No wonder people are so against gay marriage and gay rights in this country. If the stereotype can make my own dad think I had done a 180 degree turn and become this sex and drug-crazed monster, why would someone that didn't even know a gay person think any differently.

If being gay is a sin, let it be a sin. Why spread stereotypes as a way to dishonestly demean an entire group, and thus, individual people? It doesn't make sense.

2 Comments:

At 20/4/05 2:21 PM, Anonymous David Morrison said...

Brady, surely you must do at least a little reading in the self-identified gay press? How many ads are there for clubs and various types of circuit parties do you see there? How many of the ads have pictures of at least semi-naked men in them?

With Federal officials making worried noises about the rise of crystal meth in the self-identified gay community and the spread of disease it threatens could you at least acknowledge that there is a good deal of preoccupation among many self-identified gays (at least in urban settings) with drugs and sex?

 
At 21/4/05 3:31 PM, Blogger Brady said...

Hi David,

I just lost this comment when I tried to submit it, so I will try to recreate it.

It is accureat to say I read a little in the gay press, but just a little. I have never owned even one issue of a gay magazine, gay book, etc. I have been on gay.com maybe 2 times in the last year (and yes, both times I was actually there for the reading).

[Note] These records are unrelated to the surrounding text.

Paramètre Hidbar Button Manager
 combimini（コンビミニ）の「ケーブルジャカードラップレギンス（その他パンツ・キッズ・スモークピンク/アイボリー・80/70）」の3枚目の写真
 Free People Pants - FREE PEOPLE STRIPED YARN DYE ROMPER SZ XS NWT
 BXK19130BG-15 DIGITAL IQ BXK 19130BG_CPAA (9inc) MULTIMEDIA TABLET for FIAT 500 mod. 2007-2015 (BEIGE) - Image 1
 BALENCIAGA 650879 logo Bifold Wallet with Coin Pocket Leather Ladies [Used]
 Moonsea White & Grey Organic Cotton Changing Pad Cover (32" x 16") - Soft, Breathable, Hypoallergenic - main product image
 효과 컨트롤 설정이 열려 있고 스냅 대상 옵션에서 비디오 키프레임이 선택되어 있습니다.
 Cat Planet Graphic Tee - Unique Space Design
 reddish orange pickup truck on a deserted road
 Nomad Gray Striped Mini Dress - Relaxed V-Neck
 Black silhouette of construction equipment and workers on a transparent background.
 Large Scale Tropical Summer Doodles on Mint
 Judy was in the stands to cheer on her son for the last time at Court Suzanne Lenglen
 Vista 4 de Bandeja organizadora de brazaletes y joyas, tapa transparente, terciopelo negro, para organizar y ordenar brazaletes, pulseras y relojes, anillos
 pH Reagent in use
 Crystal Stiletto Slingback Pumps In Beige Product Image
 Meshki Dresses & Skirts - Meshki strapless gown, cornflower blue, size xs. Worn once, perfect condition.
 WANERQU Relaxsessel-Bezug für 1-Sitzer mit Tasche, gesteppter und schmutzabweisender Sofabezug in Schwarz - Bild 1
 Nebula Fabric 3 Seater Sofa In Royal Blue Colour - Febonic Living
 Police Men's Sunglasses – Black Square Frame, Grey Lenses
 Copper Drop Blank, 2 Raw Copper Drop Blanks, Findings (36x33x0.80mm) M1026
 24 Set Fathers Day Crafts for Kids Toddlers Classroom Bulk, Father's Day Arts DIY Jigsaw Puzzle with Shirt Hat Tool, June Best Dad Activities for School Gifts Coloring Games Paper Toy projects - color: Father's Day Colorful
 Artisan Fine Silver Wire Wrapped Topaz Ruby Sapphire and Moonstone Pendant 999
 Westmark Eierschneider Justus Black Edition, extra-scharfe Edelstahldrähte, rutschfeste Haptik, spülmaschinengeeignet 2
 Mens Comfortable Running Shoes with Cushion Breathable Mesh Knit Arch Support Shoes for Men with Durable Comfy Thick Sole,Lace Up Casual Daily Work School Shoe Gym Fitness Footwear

That being said, I agree that there is a problem with an emphasis on sex (promiscuity) and drugs within the gay community. But, that is certainly not to say that all gays have a problem with these things or that just because you are gay, you will have problems with these things.

Other communities have similar problems, but intelligent thinkers do not assume individuals of these particular groups will experience these problems just because they are part of said group. I wouldn't warn a black friend of mine that being black is a dangerouse lifestyle, even though statistics show much higher crime rates in that community.

But, for some reason the church and even society to some degree has decided it is ok to exaggerate what it means to be gay (putting all of the negatives in there) and extrapolate the problems of some in the community to individuals.

The point of the post is not to address sex and drugs in the gay community, but to address why my dad, going off of an implication from his church, assumed that just because I was gay, I had now lost all of my morals, I was using drugs and having promiscuous sex.

If being gay is a sin, let it be sin, but surely we should have some restraint in recognizing not all gays live a dangerous lifestyle, as is so often assumed.